Tout parvient alors à nous émouvoir, un regard d'enfant, une ombre, une lumière descendante. Malick parvient à tirer du numérique toute sa beauté à la fois sèche et précise dans la retranscription des couleurs naturelles. C'est cette photographie haute définition qui nous donne envie de toucher l'image. The tree of life est donc une expérience intérieur intense, au cour de laquelle notre cerveau lutte malgré tout pour donner un sens aux images qui défilent. Mais le film ne lui laisse pas le temps, il cherche à lui échapper et lui fait alors lâcher prise. Le combat est inutile.

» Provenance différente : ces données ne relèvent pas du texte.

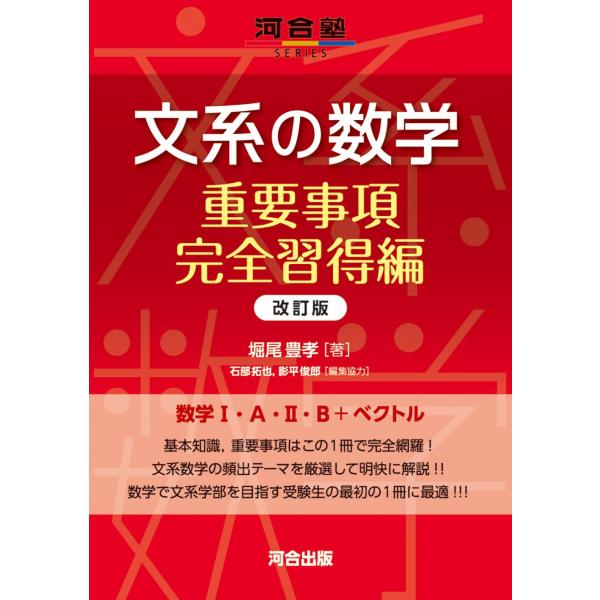 文系の数学 重要事項完全習得編 改訂版 (河合塾SERIES)
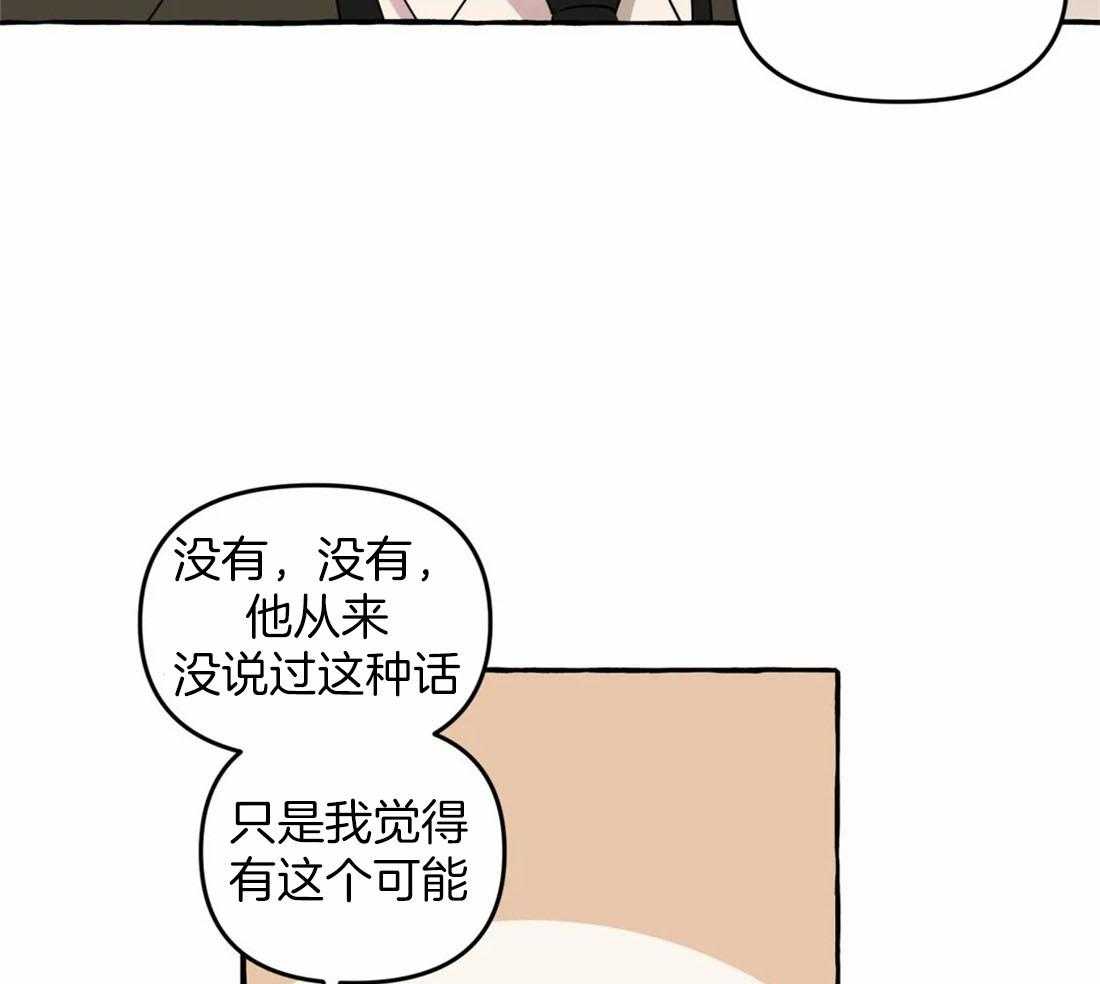 《捡只宠物被攻了》漫画最新章节第5话_乖巧的三三免费下拉式在线观看章节第【10】张图片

Jusque là, Malick s'était toujours ralié à un genre cinématographique précis qu'il transcendait de sa vision panthéiste et cosmique du monde. The tree of life n'est ni un film de guerre, si une pastorale, encore moins une fresque historique. C'est une toute petite histoire, le plus souvent la notre et c'est pour cela qu'elle nous touche. C'est en même temps un très grande histoire, celle de l'univers et de notre obligation pour nous de lui donner un sens. Malick nous rappelle alors que, avec ou sans religion, pour survivre à la conscience d'être, il faut croire ou mourir.
Fin. Générique. Les lumières ne sont pas rallumer que l'individu perturbateur du début de film surgit subitement du néant et me décroche son point dans le visage. Le combat entre grâce et nature est décidément éternel.